* WORK INSTRUCTIONS *
For this listing, reproduce the line with "Each of these", the line with "In this video, we", and the lines between, exactly as they stand. Leave out pictures and all other lines.

* SOURCE DATA *
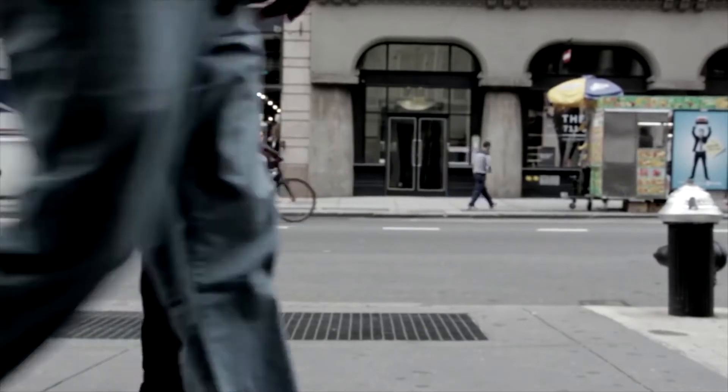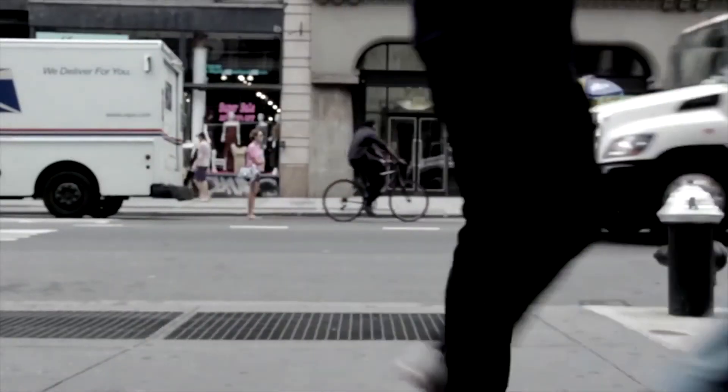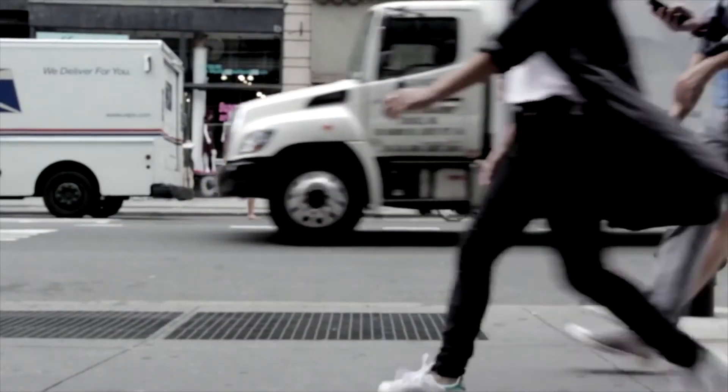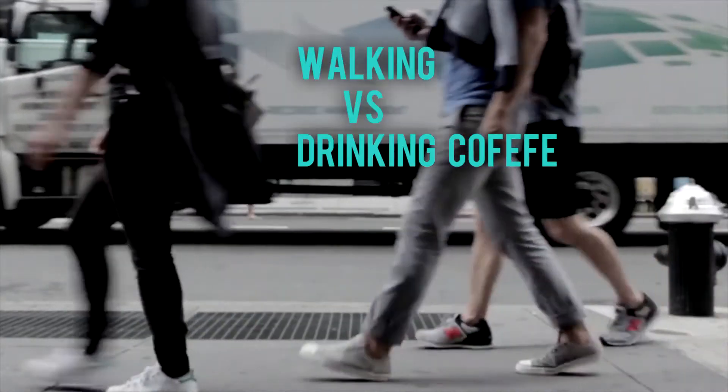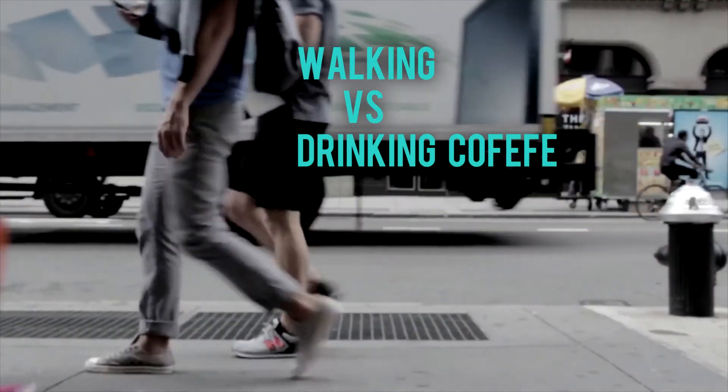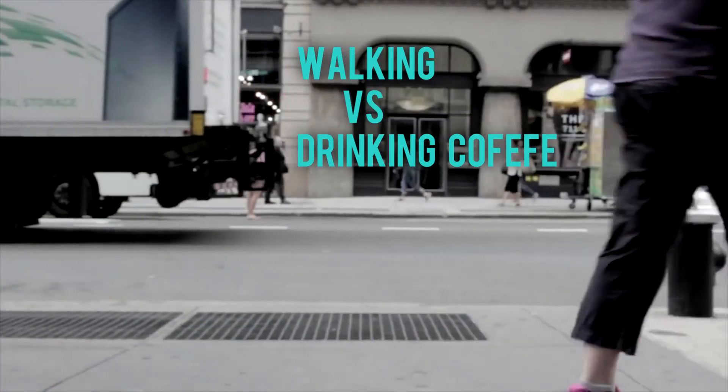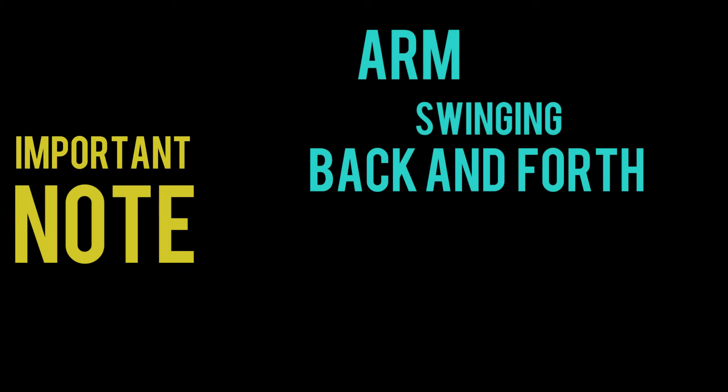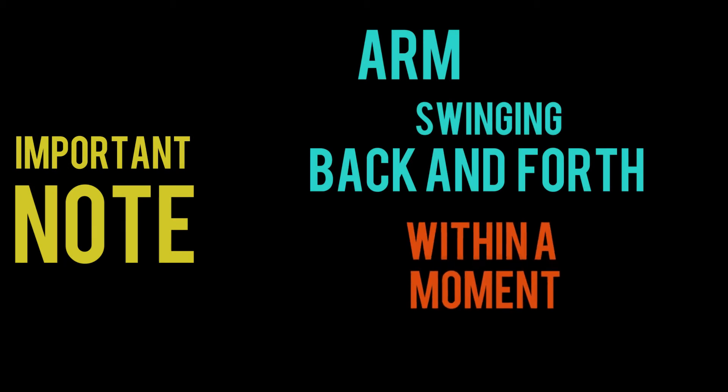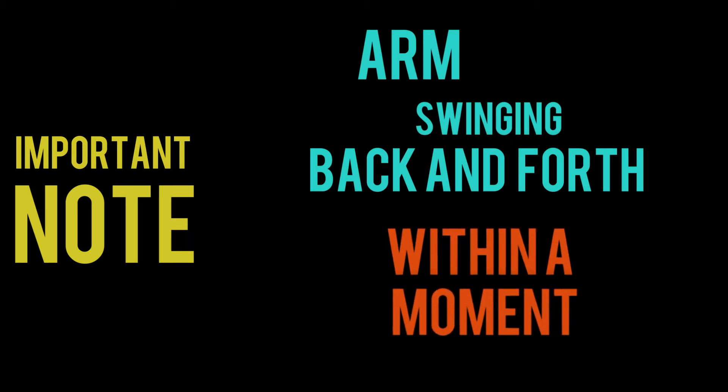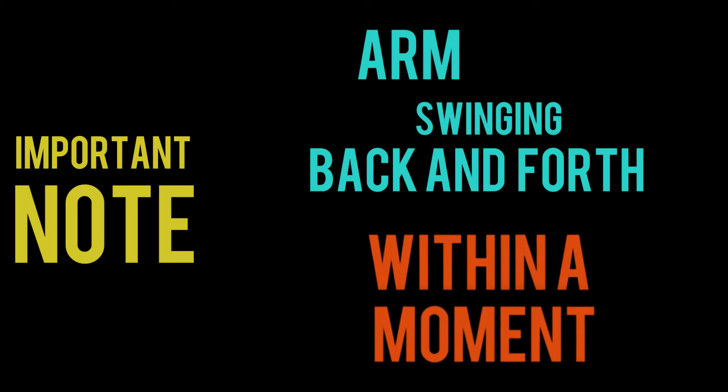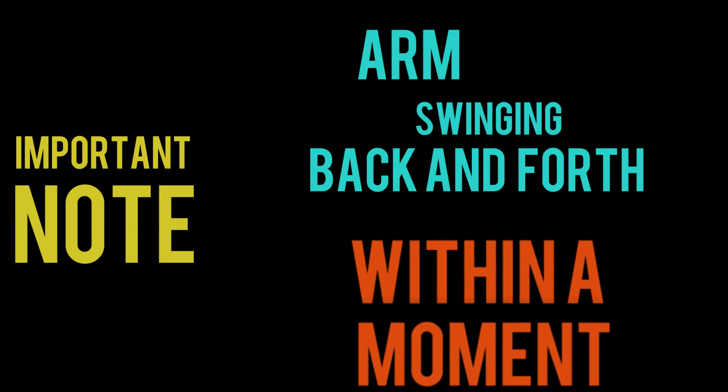One important point to note that we distinguish between walking and drinking coffee is that while walking if the G force increases in one direction for a particular moment, within a very small interval of time say one second, the G force will increase in exactly opposite direction.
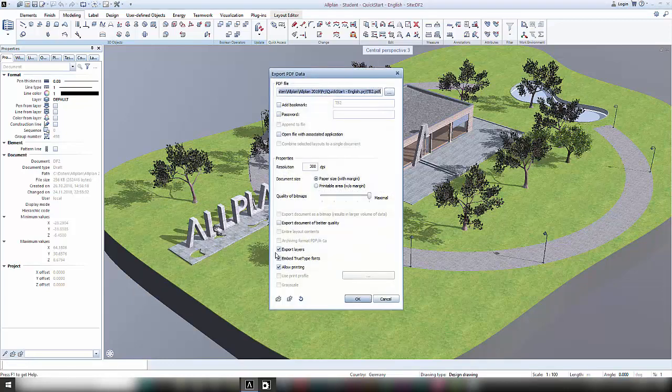You can then choose different options such as saving location, whether you would like to open the file after the export, and the quality of the file, which depending on the size of your model you should choose carefully. Especially when you are planning to send the PDF via email, you should consider that most email providers have size restrictions concerning attachments.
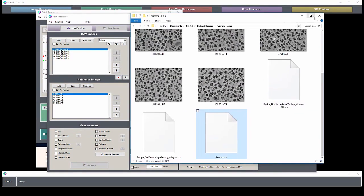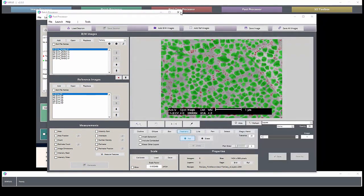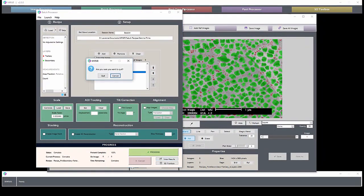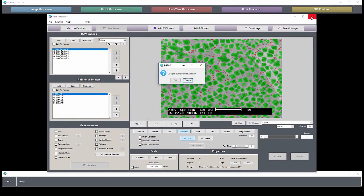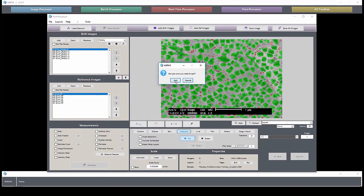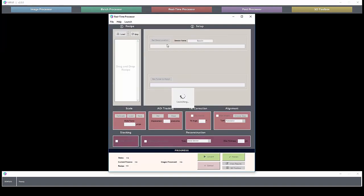The real-time processor looks exactly like the batch processor, except instead of loading images, you load the folder to watch, and it will execute the recipe on that folder.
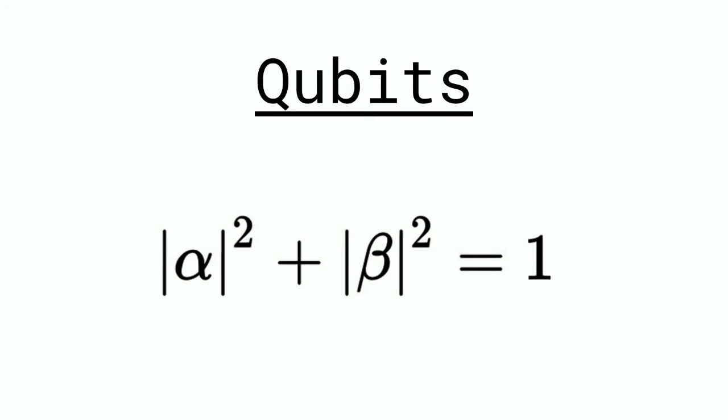Each of these different probability waves has to equal one. When we take the square of them, the probability has to equal one. That is to say, the qubit has to be something. It's just not nothing.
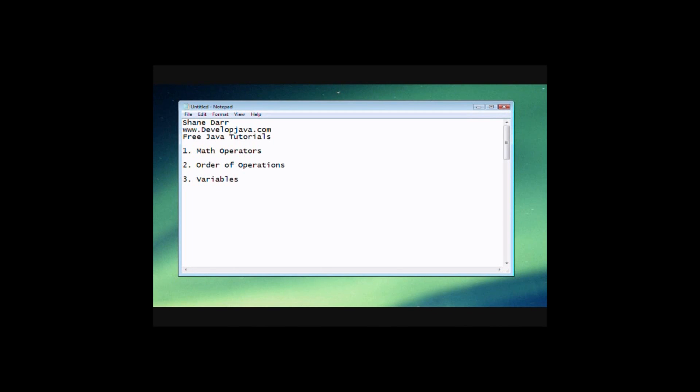Hey everyone, this is Shane from developjava.com and today I'm going to be talking about a couple basic things that you'll need to know if you want to program.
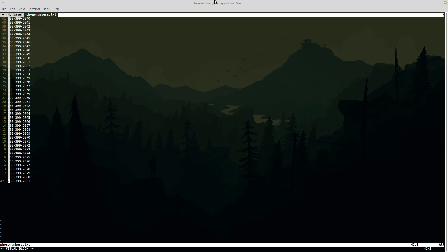And then you can do uppercase I to start editing from the beginning of the line and you can place a one. Now here's where the magic happens.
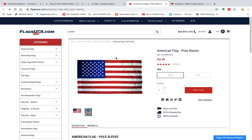So guys, this was the analysis of the US flag. If you want to know more about similar flags, any other flag, symbol, or logo, we are here to provide the analysis. If you're willing to know more, subscribe to my channel and press the bell icon to be notified when we launch new videos. Thank you very much for watching and God bless you all.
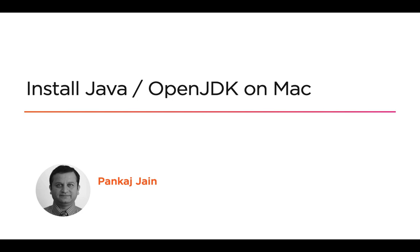In this video, we will see how to install Java OpenJDK on Mac Operating System.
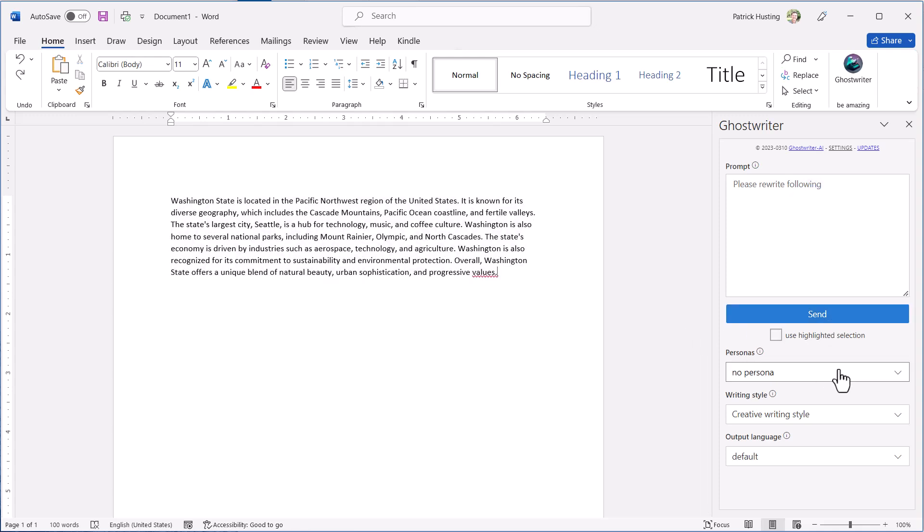Thank you for taking the time to view this introduction to the Ghostwriter add-in for Microsoft Office. As always, if you have any questions, please feel free to email me directly.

* RESPONSE AREA *
Each of these different probability waves has to equal one. When we take the square of them, the probability has to equal one. That is to say, the qubit has to be something. It's just not nothing.
Hey everyone, this is Shane from developjava.com and today I'm going to be talking about a couple basic things that you'll need to know if you want to program.
And then you can do uppercase I to start editing from the beginning of the line and you can place a one. Now here's where the magic happens.
So guys, this was the analysis of the US flag. If you want to know more about similar flags, any other flag, symbol, or logo, we are here to provide the analysis. If you're willing to know more, subscribe to my channel and press the bell icon to be notified when we launch new videos. Thank you very much for watching and God bless you all.
In this video, we will see how to install Java OpenJDK on Mac Operating System.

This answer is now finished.